Journals and Letters week 43: Jesuits and mothering and nieces
(Today we are discussing “Journals and Letters” page 380 to page 388 top. This is located in “Part VI: Later Letters (1846–1856)” starting with “Letter Circular.” Join us in reading a portion of Saint Mother Theodore’s writings every week.)
Today’s letters start with Mother Theodore’s Letter Circular. In it she calls all Sisters of Providence home to Saint Mary-of-the-Woods for the summer annual meeting. Apart from Mother Theodore’s joy and happiness in this invitation, what stands out for me is her mention that the retreat will be given by a Jesuit. Jesuit priests led the sisters’ retreats for many years at the Congregation’s beginning. The influence lives on today. I see a lot of parallel between the spirituality of the Jesuits and that of the Sisters of Providence. Both are well educated, forward thinking, justice focused and faith filled. I don’t think it is coincidence that three of our younger sisters who have entered the Congregation in the last 10 years first attended Jesuit Colleges.
Twice the mother
The background story and letter to Sister Mary James is touching. Sister Mary James lost both her parents young and Mother Theodore has stepped up in a special way as mother to the young sister. She has taken under her wing this child who is hers “not by nature but by grace.”
And of course, there is continued guidance and advice for our old friend Sister Maria — impulsive and moody but striving for perfection. Mother Theodore continues to offer Sister Maria her blunt and loving advice. It could probably apply to most of us. “As soon as you commit a fault be sorry, rise again and go on with confidence and love.” Otherwise, Mother Theodore continues “… your imagination works and you go from bad to worse.”

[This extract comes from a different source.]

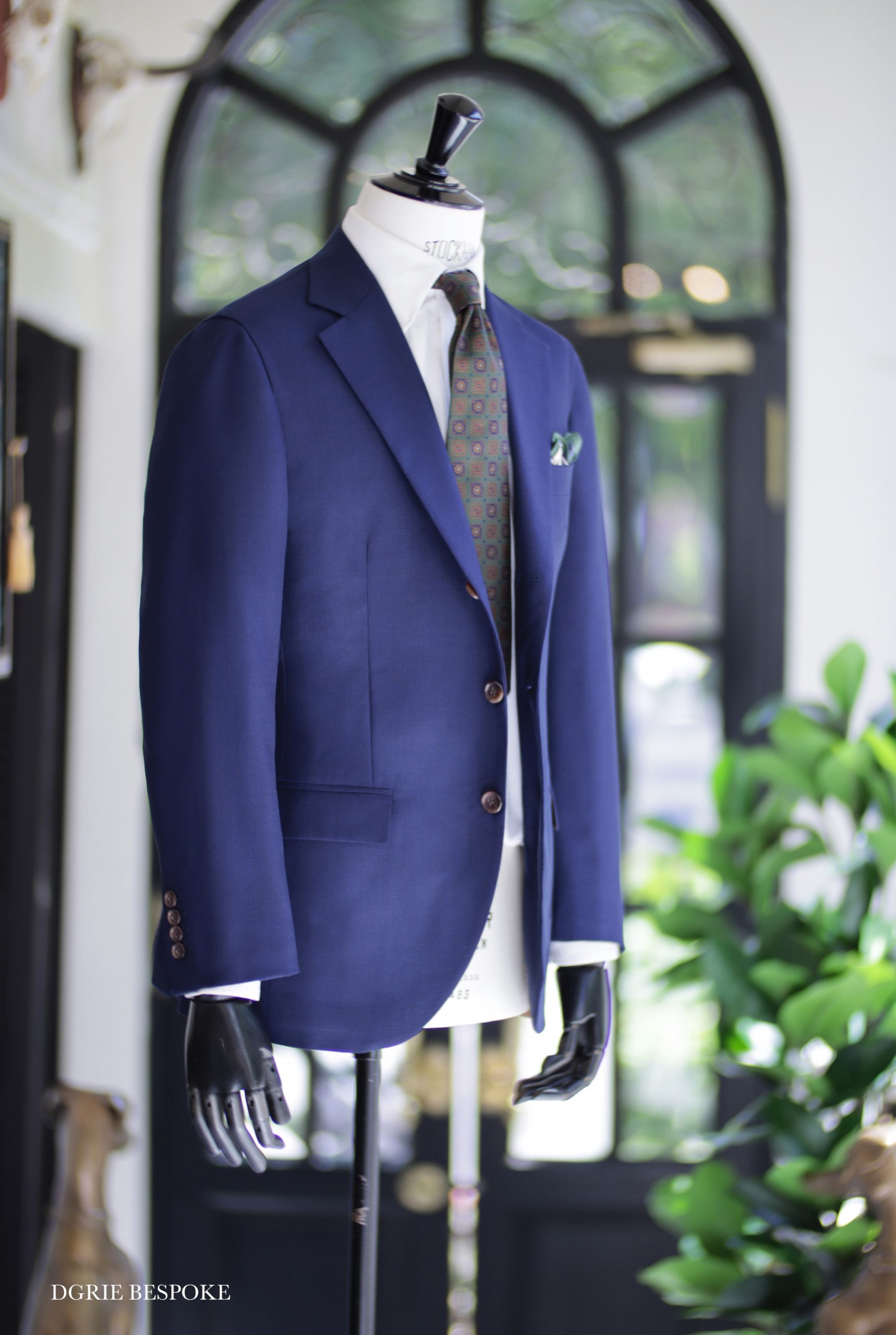 ร้านตัดสูท ตัดสูทสีน้ำเงิน DGRIE ITALY NAVY HOPSACK HALF LINING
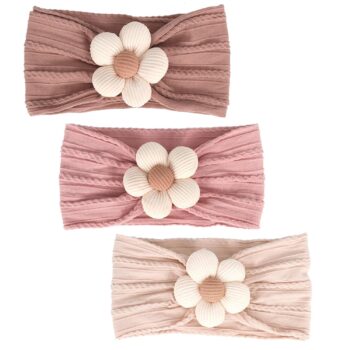 low price best quality    3 Pcs Baby Flower Headbands Baby Girls Nylon Headband Soft Hairbands Hair Accessories for Newborn Infant Toddler Kids (Beige Pink Khaki)   in best baby specials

And finally, what a sweet gift to Mother Theodore. Two of her nieces come to the United States to join the Congregation! In the end, one of the nieces, Frances, returned to France and later married. The other niece, Sister Mary Theodore, remained and lived the rest of her life as a Sister of Providence of Saint Mary-of-the-Woods. She offered some wonderful memories that help us get an idea of what Mother Theodore was like as a child. You can read those memories here.
Consider a person that you have had a special opportunity to mentor or “mother” as Mother Theodore did Sister Mary James. How might you reach out to such a person now as Mother Theodore did in her letter?
Despite the ill health Mother Theodore mentions more than once in these letters, she still finds time to reach out and offer support to others. What obstacles in your own life keep you from connecting with others? How might you find ways to overcome them?